Initial comments of “oh neat!” quickly turned into “oh no!” and the toy site didn’t last long as it was. I think Imgur had some kind of detection (possibly automatic+manual) of illegal material going on, but it (the manual side of it?) would occur some time after posting.
logifail · 4h ago
> The early days were characterized by a feeling that anything goes as long as it wasn’t illegal or too extreme to defend.
Q: Wouldn't most of us want to defend the right to publish content that's "not illegal"?
Aurornis · 4h ago
On your own site or services? Of course.
I don’t want to host that content, though. That’s also my right.
As I discovered on the early days on Reddit, I don’t even want to be on a site where content is a free-for-all because you could go from scrolling through programming topics to encountering sexualized imagery of minors by scrolling if you weren’t careful.
This is the problem with every hardcore free speech platform: They attract the people who only come to post that content, while everyone else who doesn’t want to see it starts leaving. Then after some time, the majority of your content is catering to those niches.
mananaysiempre · 3h ago
This is a prisoner’s dilemma situation. You don’t want to host that content, which is your right. And neither does anyone else. So every place that does try ends up swamped with the undesirables and either stops trying, goes bust, or turns into a poisonous swamp. And thus all the “yes but not here” people collectively end up enforcing a degree of censorship beyond what the law actually requires, or (in other cases) effectively erasing opinions that a fair part of society does hold (thus effectively forcing that part of society to turn into a poisonous swamp).

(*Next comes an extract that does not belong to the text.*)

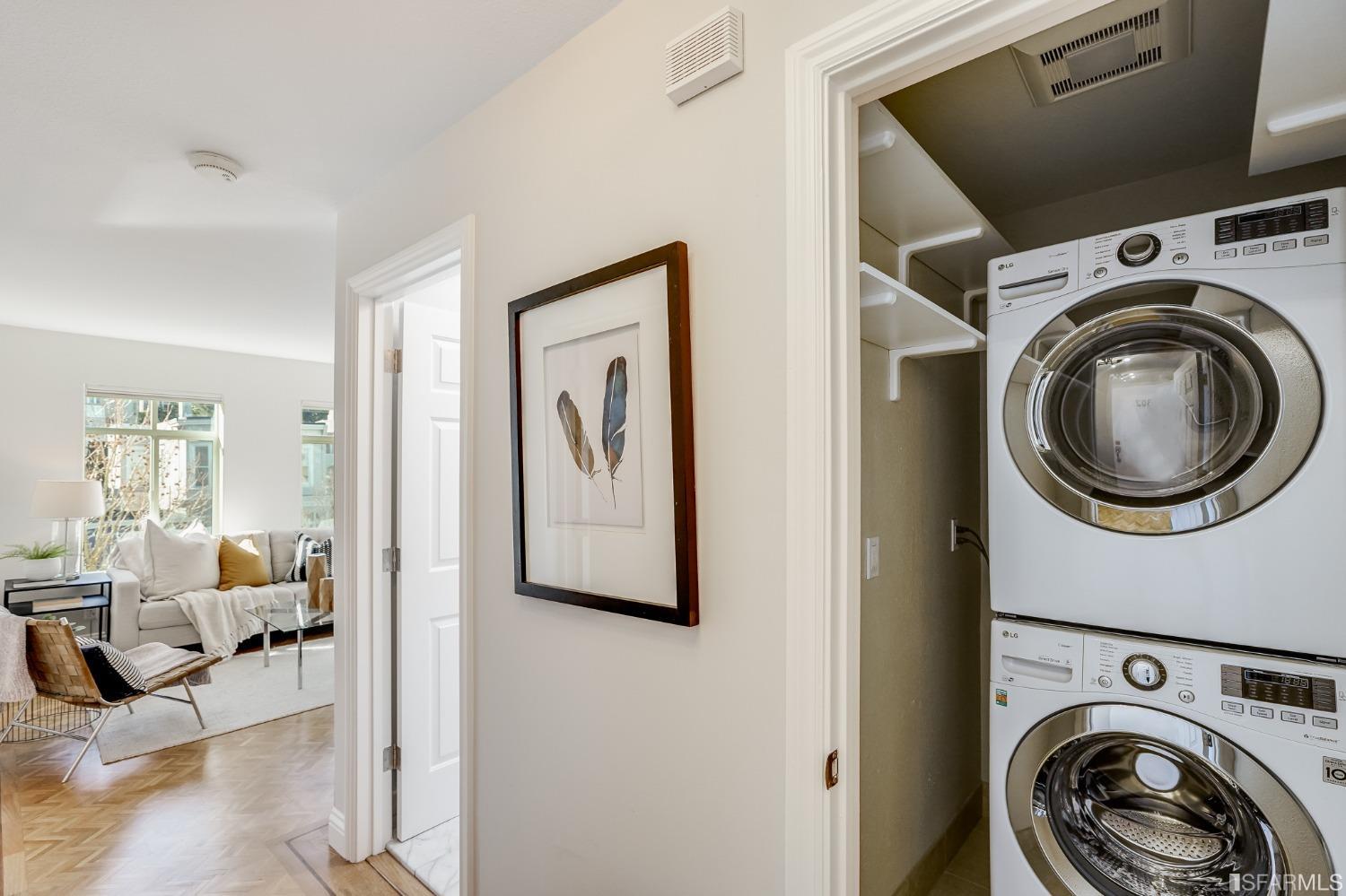 1696 Golden Gate Avenue Unit: 302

(Neutral example: at some point in the past the clinics around me started requiring appointments to come in for doctor-prescribed tests. Recently, the closest one did that too, saying that they were the only one remaining and ended up being overloaded with all the people who wouldn’t or couldn’t make an appointment. And thus we’re all worse off now.)
mort96 · 3h ago
It seems like you view free speech as "everyone should be provided a platform to speak their mind", more or less. With that view, what you speak of is arguably a problem, sure.

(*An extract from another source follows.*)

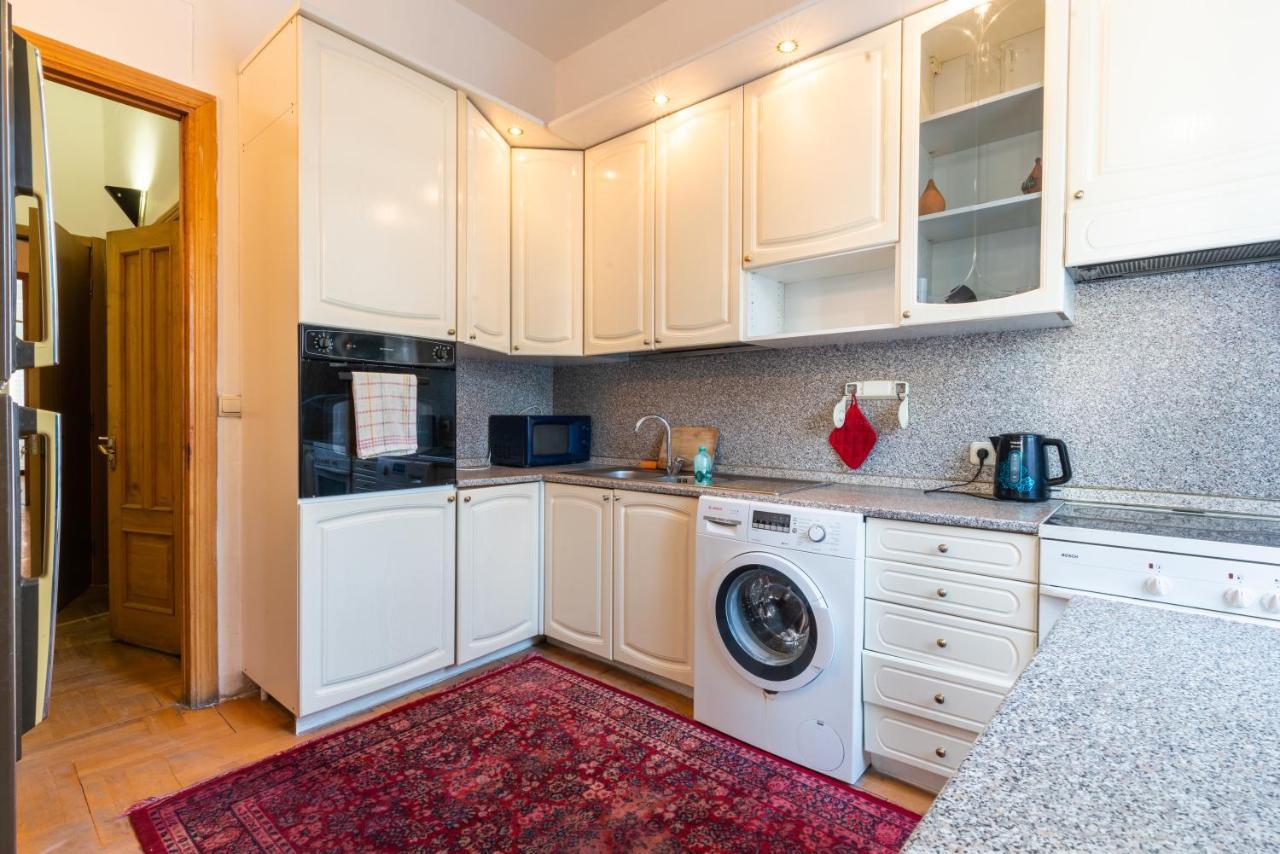 Center 4 You Hotel Tbilisi Luaran gambar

My view of free speech is simply: the government shouldn't arrest you for publishing most things (with only certain mostly-well-defined exceptions). If there are views which are not illegal but which no platform will let you publish, I really don't see the problem. If enough people share those views they can get together and make their own platform. It's not even hard to make a platform anymore, anyone can buy a domain and set up nginx on a raspberry pi.
Freedom from government persecution on the basis of speech is extremely important to me (again, with exceptions). Freedom to publish unsavoury-but-legal content on other people's platforms is completely unimportant to me.
Aurornis · 2h ago
> effectively erasing opinions that a fair part of society does hold
There is no widespread opinion that does not have countless corresponding platforms to share it.
I guarantee you cannot find an opinion that cannot be shared on at least one of the major social media platforms right now.
This extinction of free speech does not happen.
No comments yet
BeFlatXIII · 3h ago
On the other hand, the presence of that kind of content in other subreddits functioned as a highly-effective anti-normie filter on the rest of the site. It kept the kind of people who shit up Twitter away.
Aurornis · 2h ago
I was there and I couldn't disagree more.
I see more parallels between the people who thrived in the early Reddit cesspool era and the same people who are spreading culture wars, misinfo, and other garbage on Twitter.
The early days of Reddit were a haven for culture war and misinfo people.
wredcoll · 1h ago
That's what he said: anti-normie.
EGG_CREAM · 4h ago
No. I think plenty of us recognize that the law has to have rigidly defined lines that don’t always line up neatly with morality. A great example is the “jailbait” subreddit that was talked about above. It makes sense that it’s technically legal, but I’d rather not be associated with the site that hosts it or the people who frequent it.
HeyImAlex · 4h ago
Reddit’s eventual livelihood would be based on selling ads, so legality is not the line they were aiming for.
commandlinefan · 2h ago
Sadly, no, not most of us. Not even a lot of us.
ratelimitsteve · 4h ago
A right to publish it? Yes. An entitlement to a platform that will handle the publishing for you? Only if the owners of that platform freely agree to do so.
commandlinefan · 2h ago
That's a popular equivocation when this topic comes up, but that's not quite what's going on (or at least not quite what happened). I'm sure that Reddit's current owners _do_ support censorship, and plenty of it, but the early Reddit owners, admins and even moderators did strongly oppose it. They were pushed into it by heavily implied threats of legal action if they didn't.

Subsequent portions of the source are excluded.